Dass sie für die vorindustrielle Bottroper Geschichte bedeutsam sind, stand außer Frage. Jetzt soll sich der Kunsthistoriker aber auch mit Fragen der Authentizität, der Künstler, der Lokalisierung und des sozialen Kontextes beschäftigen, in dem diese Arbeiten entstanden.
Bereits beim Vergleich der beiden restaurierten Gemälde erkennt er, dass es sich um verschiedene Künstler gehandelt haben muss. „Die Darstellung der Verkündigung ist weniger emotional als die Geburt Christi auf dem Hauptbild und ist wohl früher anzusiedeln“, so Fusenig. Auch die Farbgebung sei unterschiedlich, ebenso die Darstellung der Figuren. Die Engelgesichter und die Komposition der Figuren auf dem Weihnachtsbild zeige auf jeden Fall, dass der Maler unter Rubens geschult wurde. Die Art der Platzierung des weißen Tuches unter dem Arm Christ bei der „Beweinung“ weise dagegen eher auf einen Künstler mit van Dyck-Einfluss hin.
Signaturvergleiche schaffen Klarheit
Durch Signaturvergleiche und anhand einer Datenbank niederländischer Künstler des 16. bis 18. Jahrhunderts konnte Fusenig fast sicher feststellen, dass es sich bei dem Maler des Weihnachtsbildes wohl um Johann Toussijn (Toussyn) handelt (geboren 1608, Meister 1631, nachweisbar bis etwa 1660). Seine früheste bekannte Arbeit soll eine Landschaftszeichnung von 1632 sein. Er habe aber wohl auch, so Fusenig, für die Kölner Franziskanerkirche gemalt. Zeitgenössische Quellen beschreiben den Charakter der heute wohl verlorenen Arbeiten.
Außerdem existiert von Toussijn ein Panorama der Stadt Köln auf dem erhaltenen Sebastianusaltar in der Basilika St. Gereon.

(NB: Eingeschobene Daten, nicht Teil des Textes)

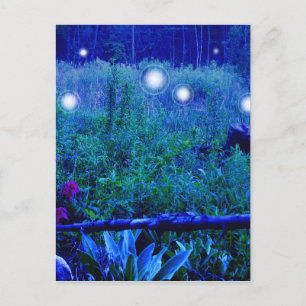 Spirit Lights Blue Night Marshy Meadow Orbs Briefkaart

Historisch spannend sind die Bilder, so Fusenig, weil sie für einen jahrhundertlangen Wirtschafts- und Kulturaustausch zwischen Flandern und Westfalen stehen, der von der Küste über das Vest bis nach Paderborn reichte. Die künstlerischen Ideen kamen aus den Niederlanden, inspirierten das religiöse Empfinden auch hier vor Ort und sind eigentlich schon aus dieser Sicht unbezahlbare Zeugnisse.